How to find app-leftover URLs in your store
Two checks find most app-leftover URLs. (1) Google Search Console > Indexing > Pages. Filter by 'Not indexed' reasons like 'Crawled - currently not indexed' and 'Soft 404'. App-leftover URLs typically show up here. (2) The Google site: search operator. Run site:yourstore.com -inurl:products -inurl:collections -inurl:pages -inurl:blogs in Google's main search. The remaining results — anything that's not a product, collection, page, or blog — are candidates for app leftovers.
The Disallow pattern for app routes
Add a Disallow rule below Shopify's default-groups loop in robots.txt.liquid.
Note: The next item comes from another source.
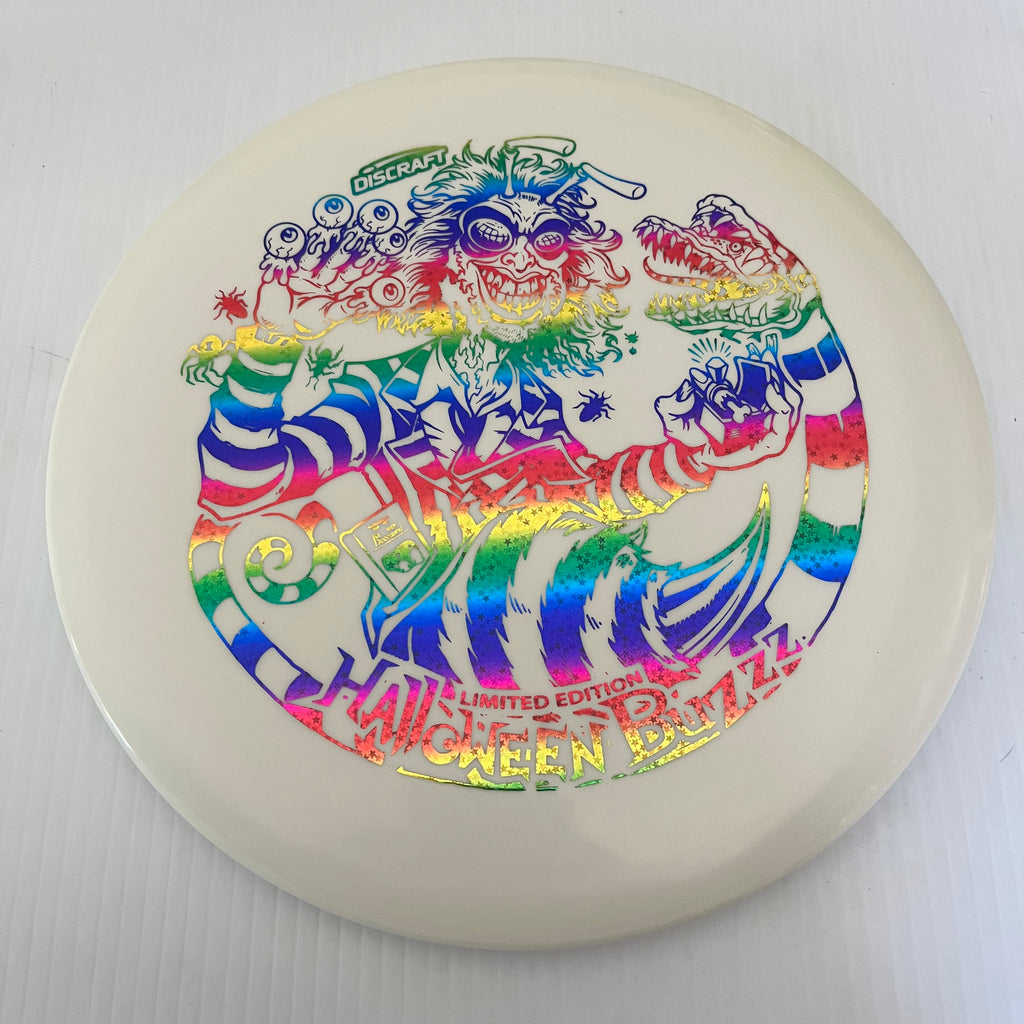 Discraft 2024 Halloween Beetlejuice Themed Glow ESP Buzzz 5/4/-1/1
The pattern is User-agent: * followed by Disallow lines matching the leftover paths. Use the most-specific path that catches the leftover routes without affecting any live app — typically the app's prefix path (e.g. /apps/oldapp/). Validate the rendered /robots.txt and use Google Search Console's robots.txt tester before pushing to live.
Never block a live app's routes
The biggest mistake when adding app-route disallow rules: blocking a path that is also used by an active app. The Disallow rule prevents Google from crawling — but it doesn't break the app for users. What it does is hide the app's storefront pages from search, which is sometimes catastrophic. Cross-reference every Disallow rule against your installed apps list before adding it. Test on a development theme first. Run Google Search Console's URL Inspection tool on a representative URL to confirm the block applies only to the intended path.
The alternative: ask the app vendor to remove the routes
Before editing robots.txt.liquid, contact the app vendor. Uninstall cleanup is the app vendor's responsibility, and many vendors have a documented uninstall hook that removes their storefront routes when the merchant uninstalls the app. If the vendor confirms the routes should have been removed and weren't, they can typically fix the leftover via their backend without you touching robots.txt.liquid. This is the cleanest path because it solves the root cause rather than papering over it.